Records from a data source:
[Start of section]
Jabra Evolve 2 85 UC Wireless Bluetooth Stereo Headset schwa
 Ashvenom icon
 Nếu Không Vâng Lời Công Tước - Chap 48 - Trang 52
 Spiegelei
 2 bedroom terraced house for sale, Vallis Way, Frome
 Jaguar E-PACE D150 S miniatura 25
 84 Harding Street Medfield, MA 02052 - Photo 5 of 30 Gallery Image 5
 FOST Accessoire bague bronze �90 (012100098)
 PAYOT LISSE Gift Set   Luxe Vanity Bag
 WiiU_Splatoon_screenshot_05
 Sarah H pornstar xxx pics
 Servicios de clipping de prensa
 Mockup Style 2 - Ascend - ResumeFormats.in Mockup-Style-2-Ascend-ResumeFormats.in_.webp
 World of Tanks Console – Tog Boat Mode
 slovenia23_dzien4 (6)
[End of section]
The answer should be nothing more than the lines from the one with "84 Harding Street" through the end of the entries, restated word for word.

Written response =>
 84 Harding Street Medfield, MA 02052 - Photo 5 of 30 Gallery Image 5
 FOST Accessoire bague bronze �90 (012100098)
 PAYOT LISSE Gift Set   Luxe Vanity Bag
 WiiU_Splatoon_screenshot_05
 Sarah H pornstar xxx pics
 Servicios de clipping de prensa
 Mockup Style 2 - Ascend - ResumeFormats.in Mockup-Style-2-Ascend-ResumeFormats.in_.webp
 World of Tanks Console – Tog Boat Mode
 slovenia23_dzien4 (6)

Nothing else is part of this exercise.